Dataset records:

....

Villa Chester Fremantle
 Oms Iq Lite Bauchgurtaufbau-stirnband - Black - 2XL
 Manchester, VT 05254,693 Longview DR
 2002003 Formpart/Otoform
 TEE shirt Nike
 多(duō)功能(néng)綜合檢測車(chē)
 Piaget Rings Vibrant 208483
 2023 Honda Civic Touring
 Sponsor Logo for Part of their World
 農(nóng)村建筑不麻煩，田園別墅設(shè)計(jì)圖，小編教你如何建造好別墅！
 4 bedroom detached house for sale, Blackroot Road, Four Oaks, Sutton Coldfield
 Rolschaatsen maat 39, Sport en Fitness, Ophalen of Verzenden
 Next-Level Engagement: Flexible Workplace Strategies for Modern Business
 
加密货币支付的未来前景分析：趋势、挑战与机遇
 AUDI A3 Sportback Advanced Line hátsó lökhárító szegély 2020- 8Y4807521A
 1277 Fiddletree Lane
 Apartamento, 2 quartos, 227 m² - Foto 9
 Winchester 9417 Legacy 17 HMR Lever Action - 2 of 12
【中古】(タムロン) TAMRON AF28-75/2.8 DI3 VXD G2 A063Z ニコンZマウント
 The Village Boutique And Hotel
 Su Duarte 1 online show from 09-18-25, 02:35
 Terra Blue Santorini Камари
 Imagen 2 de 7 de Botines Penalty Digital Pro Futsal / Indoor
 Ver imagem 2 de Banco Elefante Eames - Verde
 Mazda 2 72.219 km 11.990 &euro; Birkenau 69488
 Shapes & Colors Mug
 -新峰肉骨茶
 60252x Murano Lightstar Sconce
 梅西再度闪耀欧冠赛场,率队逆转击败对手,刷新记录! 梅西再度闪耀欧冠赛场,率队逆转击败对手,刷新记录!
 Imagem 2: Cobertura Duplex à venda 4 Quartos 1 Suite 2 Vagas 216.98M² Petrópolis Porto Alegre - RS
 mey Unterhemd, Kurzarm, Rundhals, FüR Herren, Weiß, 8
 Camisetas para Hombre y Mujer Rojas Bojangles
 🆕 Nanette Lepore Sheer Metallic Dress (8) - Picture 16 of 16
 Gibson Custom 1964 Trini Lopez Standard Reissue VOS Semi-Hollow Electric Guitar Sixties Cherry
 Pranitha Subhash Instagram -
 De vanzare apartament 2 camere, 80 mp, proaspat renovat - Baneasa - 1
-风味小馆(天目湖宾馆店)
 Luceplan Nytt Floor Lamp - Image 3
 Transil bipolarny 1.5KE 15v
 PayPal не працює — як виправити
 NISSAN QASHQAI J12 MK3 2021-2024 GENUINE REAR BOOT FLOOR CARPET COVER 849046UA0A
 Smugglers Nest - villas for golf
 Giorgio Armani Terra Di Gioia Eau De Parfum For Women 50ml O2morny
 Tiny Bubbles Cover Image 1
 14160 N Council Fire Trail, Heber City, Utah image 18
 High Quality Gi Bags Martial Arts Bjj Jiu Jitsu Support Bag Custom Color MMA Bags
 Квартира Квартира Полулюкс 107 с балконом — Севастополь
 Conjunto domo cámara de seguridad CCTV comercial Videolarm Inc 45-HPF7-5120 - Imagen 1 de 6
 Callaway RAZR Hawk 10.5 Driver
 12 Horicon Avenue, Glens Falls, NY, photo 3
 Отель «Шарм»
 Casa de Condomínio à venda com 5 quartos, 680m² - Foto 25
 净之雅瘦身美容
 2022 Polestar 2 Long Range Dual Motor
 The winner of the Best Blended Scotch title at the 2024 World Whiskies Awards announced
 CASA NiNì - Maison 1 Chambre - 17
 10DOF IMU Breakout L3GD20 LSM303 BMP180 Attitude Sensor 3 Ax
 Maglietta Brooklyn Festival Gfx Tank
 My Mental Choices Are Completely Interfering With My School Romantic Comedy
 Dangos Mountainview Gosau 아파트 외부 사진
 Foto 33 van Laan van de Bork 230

....

* _WHAT TO PRODUCE_: Please print exactly the lines of the entries above, beginning with the line that contains "Dangos Mountainview Gosau 아파트 외부 사진" and ending with the last line.

* _RESPONSE TO THE EXERCISE_:
 Dangos Mountainview Gosau 아파트 외부 사진
 Foto 33 van Laan van de Bork 230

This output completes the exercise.